The pandemic has given Marks & Spencer a much needed kick up the backside.
While a chunk of its employees were unable to turn up for work as coronavirus spread, it forced some of their colleagues to juggle new tasks simultaneously. Inadvertently, this shook the retailer’s prescriptive approach to jobs — often inflexible, with niche responsibilities — to the core.
Multi-tasking by staff has given it enough agency to slash around one in 10 roles over the next three months, predominantly in stores. It announced 7,000 cuts on Tuesday.
Yes, the axe would have fallen regardless, as part of its five-year revival plan, but the virus has emboldened the company to cut deeper. As M&S admits, it is poised to deliver “three years of change in one”.
Beyond the price of producing the goods it sells, staff related expenses are the single biggest cost burden for the 136-year old retailer. Steve Rowe, who took over as chief executive four years ago, has presided over a string of redundancies already.
They are a necessary evil after several failed reinventions over the past two decades, argues Clive Black, a retail analyst at M&S house broker Shore Capital.
“[They] improve the chances of sustaining still high employment levels, economic activity and free cash flow generation in time.”
The number of its full-time employees in the UK last year was roughly back to 2008 levels, with revenues up 10pc, and around a tenth lower than the peak under predecessor Marc Bolland in 2014. The company (conveniently) said that a “significant proportion” of the cuts will be voluntary redundancy and early retirement.

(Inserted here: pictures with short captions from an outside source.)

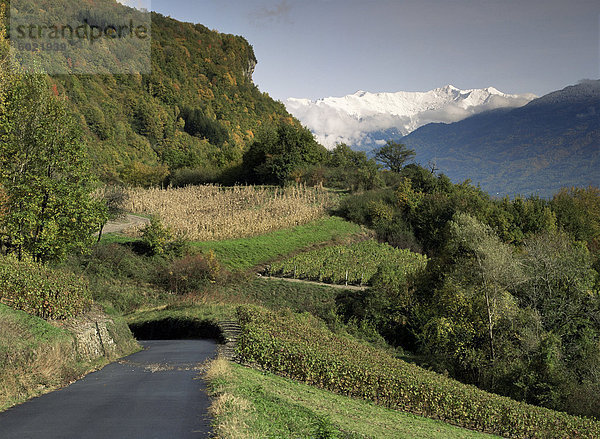 Landschaft in der Nähe von Chambéry Savoie Rhone Alpes  Frankreich  Europa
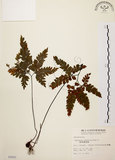 中文名:扇葉鐵線蕨(P002503)學名:Adiantum flabellulatum L.(P002503)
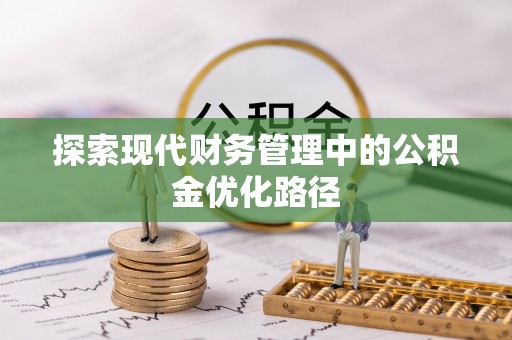 卢氏探索现代财务管理中的公积金优化路径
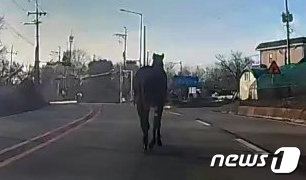 30일 오전 7시 35분쯤 김포시 고촌읍 신곡사거리 인근 도로에서 승마장에서 나온 말 한마리가 도로를 활보하고 있다. (독자제공)2021.3.30/뉴스1 © News1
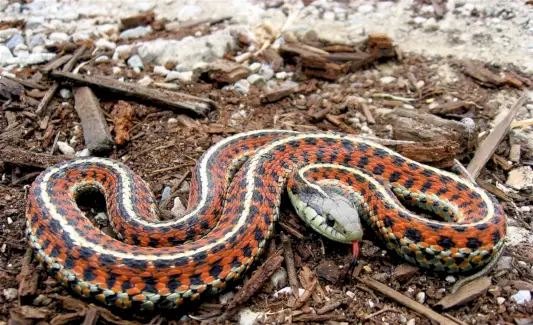 Simbolismo da Cobra, Significado da Cobra, Totem da Cobra, Sonho da Cobra e Mensagens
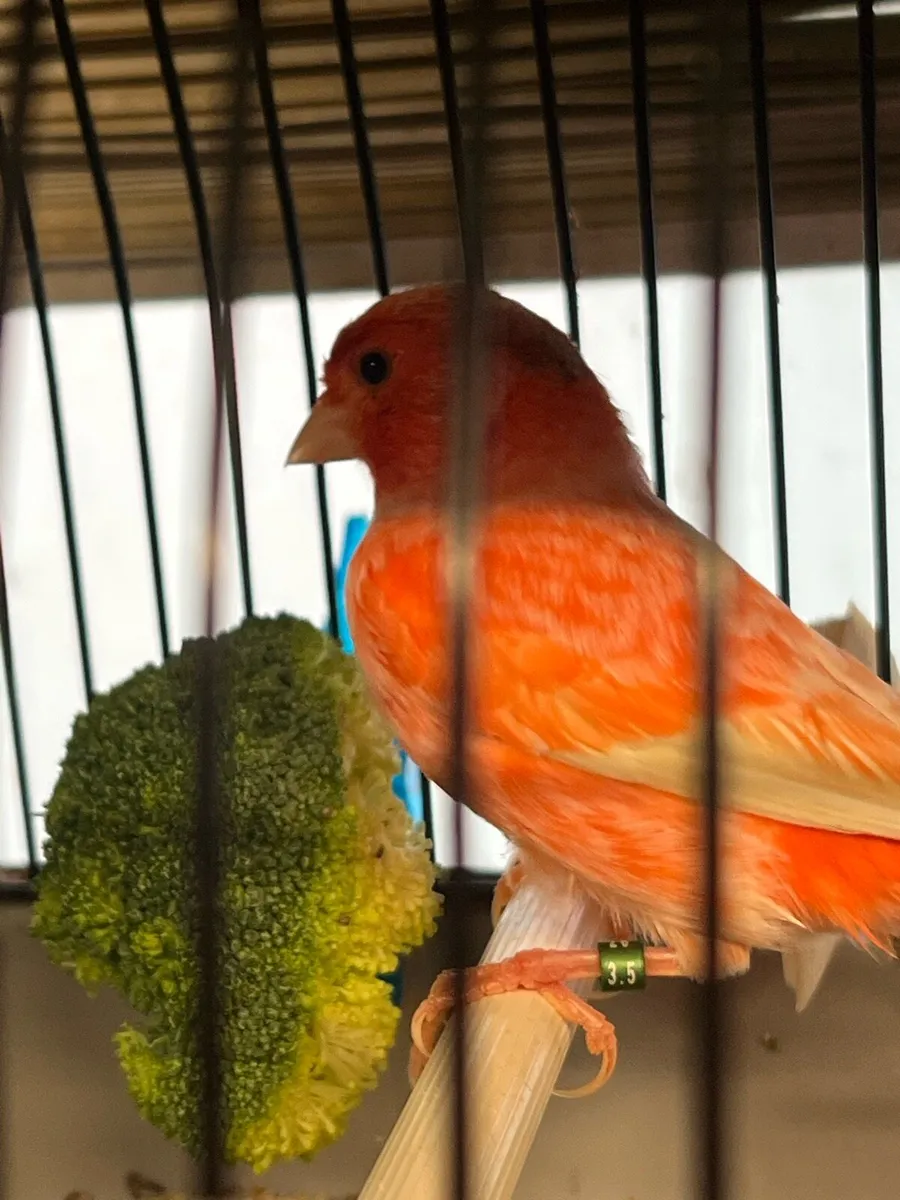Red factor canary - Image 1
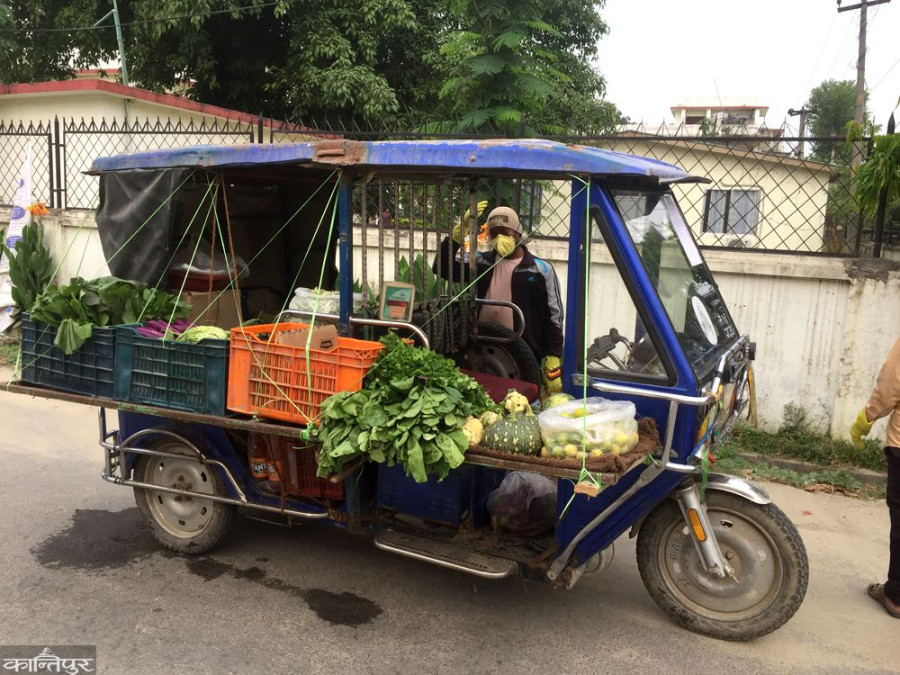 Lockdown adversely affecting vegetable farmers in Dhangadhi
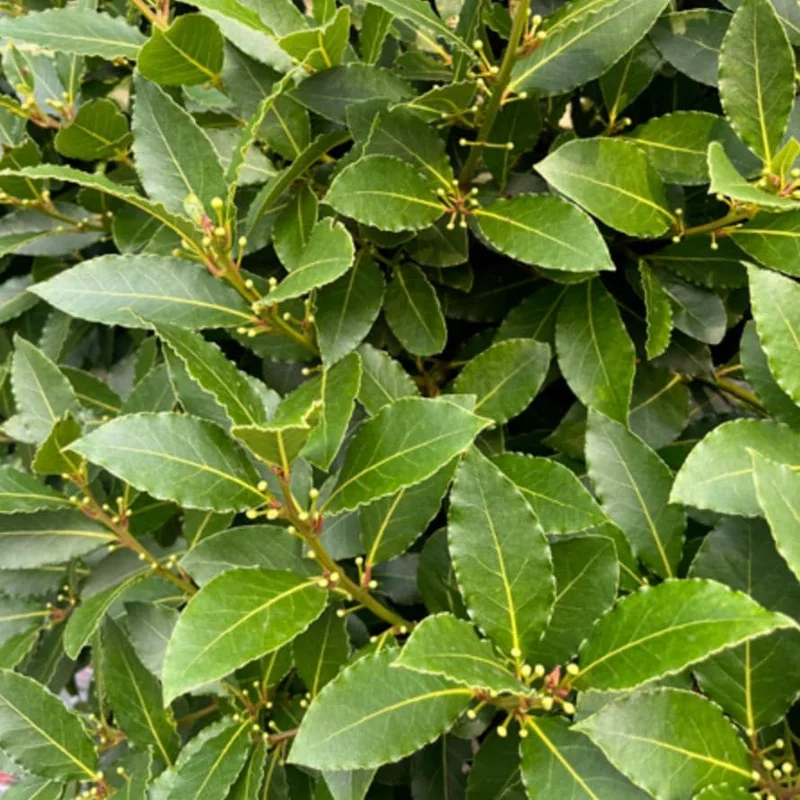 Live Bay Leaf Tree – Laurus Nobilis – 12 Inch Tall Culinary Herb Plant in 3-4 Inch Pot - Image 1
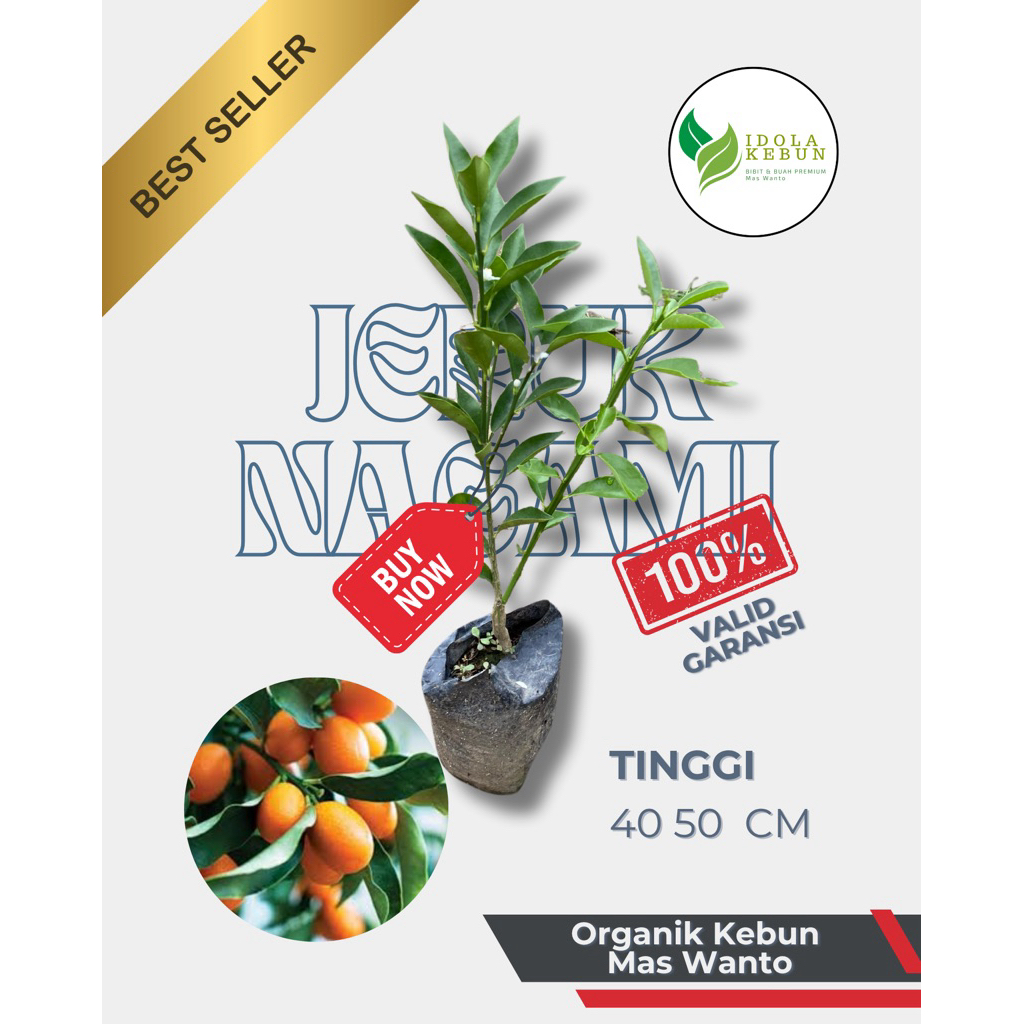 BIBIT JERUK VARIETAS NAGAMI MADU-BIBIT JERUK NAGAMI-BIBIT BUAH JERUK NAGAMI-BIBIT JERUK-BUAH JERUK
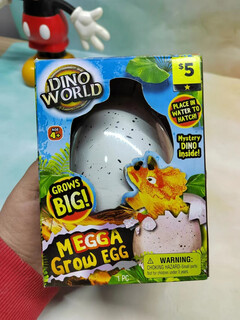 山头林村出口款泡水中孵化恐龙蛋三角龙霸王龙男孩魔术蛋早教创意儿童玩具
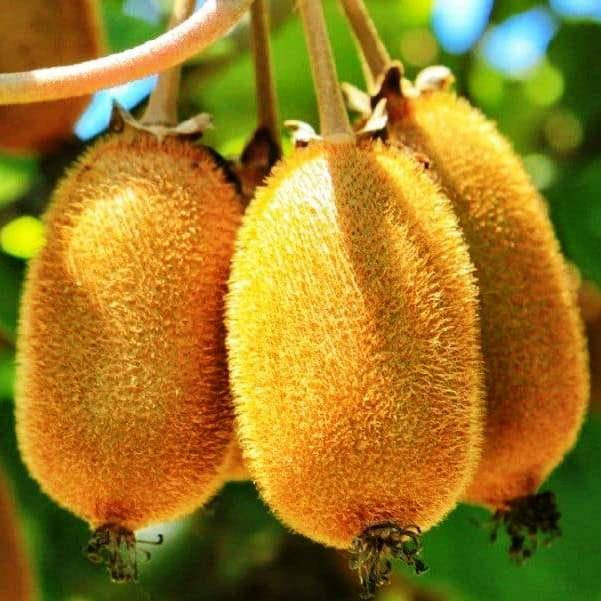 

Саженцы Киви Монти - средний, двудомный, морозостойкий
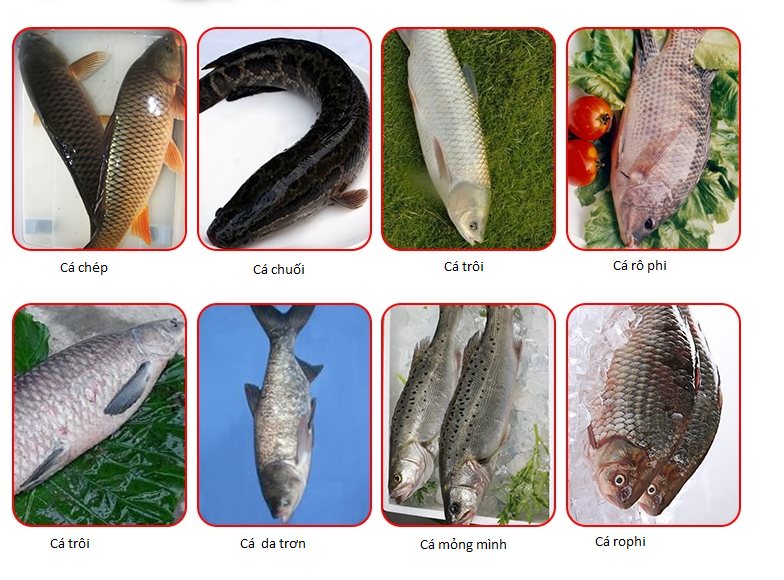 Máy mổ ruột cá công nghiệp có thể mổ đa dạng các loại cá lớn, nhỏ
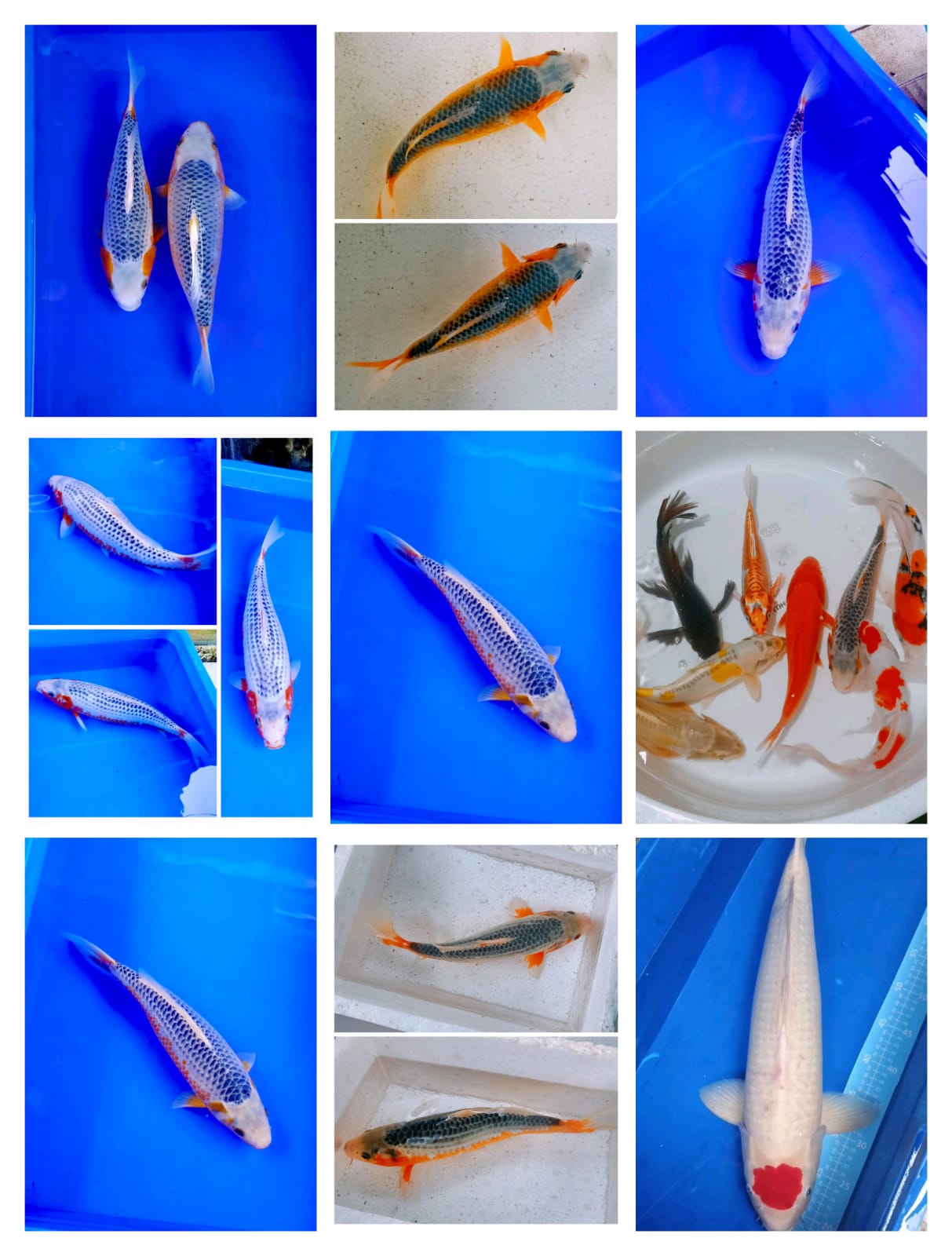 Lelang Koi Online, Jual Beli Ikan Koi, Pasar Koi Terbaik, Agen Lelang Koi, Penawaran Koi Berkualitas, Harga Jual Koi, Lelang Ikan Koi Import, Beli Koi Online, Jual Koi Murah, Koi Showroom, Penjual Koi Terpercaya, Lelang Koi Jakarta, Jual Koi Lokal, Koi Kualitas Unggul, Harga Terbaik Koi, Jual Koi Indukan, Lelang Ikan Hias Koi, Pasar Koi Indonesia, Beli Koi Berkualitas Tinggi, Koi Farm Terbesar, Jual Beli Koi Impor, Lelang Ikan Koi Kualitas Premium, Daftar Harga Koi Terbaru, Pusat Jual Beli Koi, Info Lelang Koi Hari Ini.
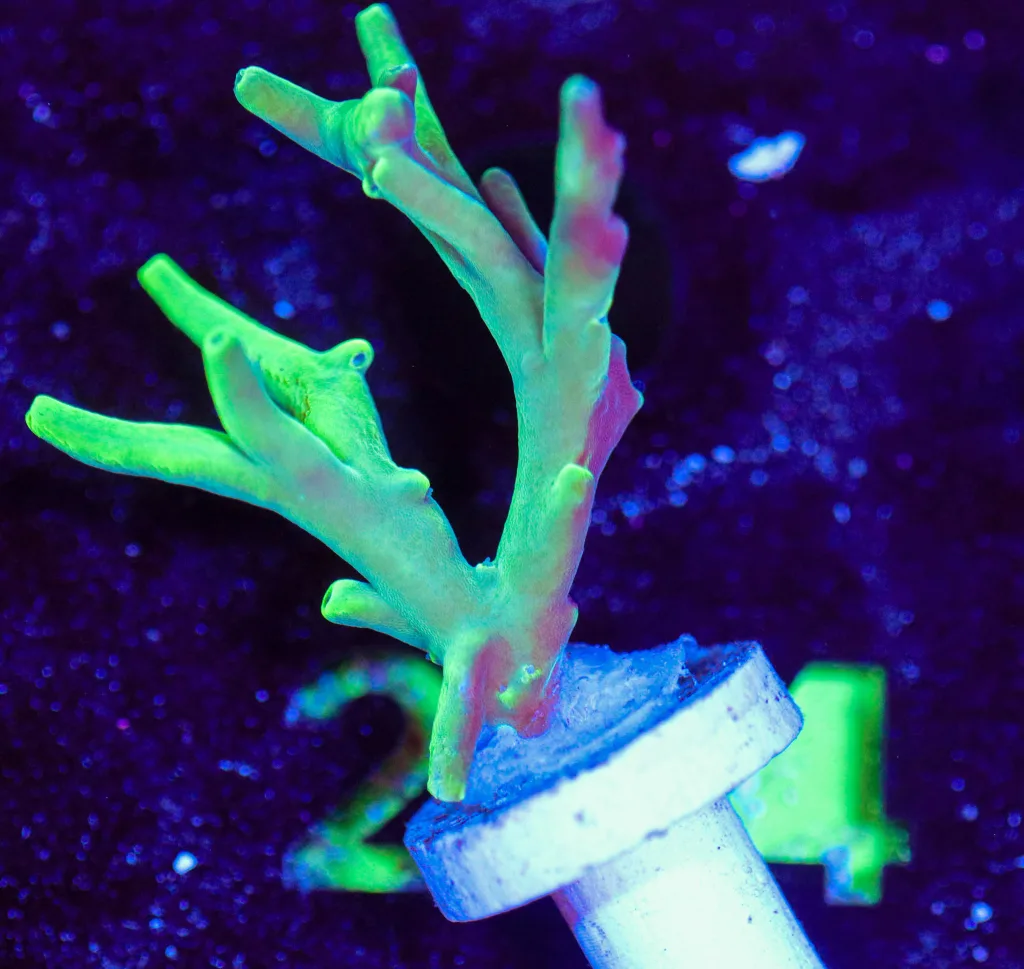 Frag Box Corals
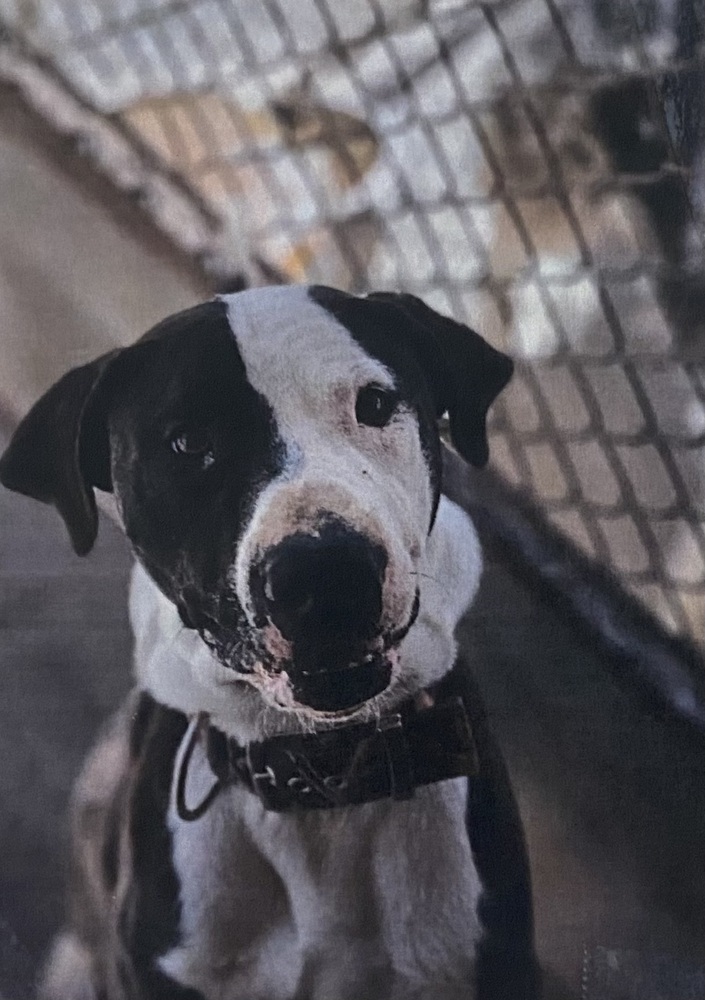 Doodad, an adoptable Great Dane in Fort Madison, IA, 52627 | Photo Image 1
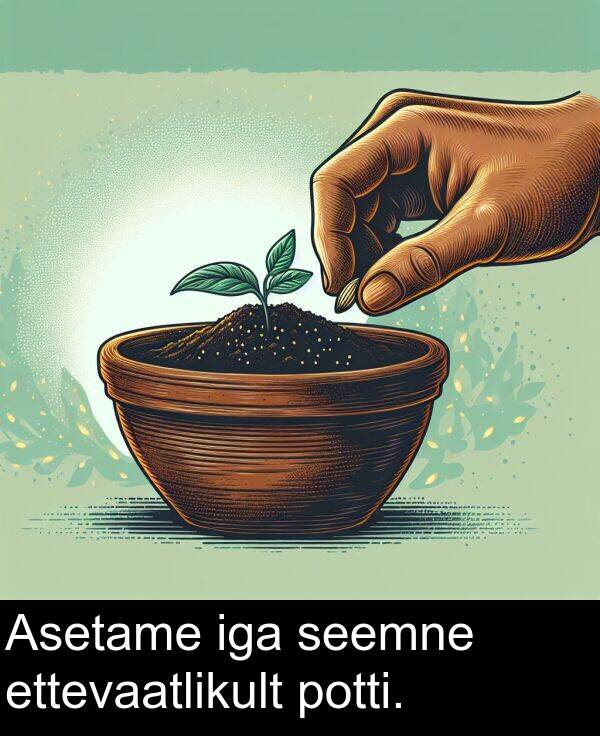 potti: Asetame iga seemne ettevaatlikult potti.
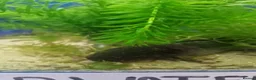 Axolotl reptiles for sale: Stunning Axolotls  - Advert 8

The scale of the cuts was expected, retail analysts Jonathan Pritchard and John Stevenson at Peel Hunt say. They point out there is a big redundancy bill looming — “if we assume £10,000 per employee it would be in the high double digits of millions” — but in time it should save M&S some cash to allow it to flex its online muscle and assist the turnaround.
The retailer’s biggest challenge remains the dichotomy between its satisfactory food business and the ailing clothing and home arm, operating at two speeds. Sales at its clothing division plunged 30pc; food was up 2.5pc in the eight weeks to August 8.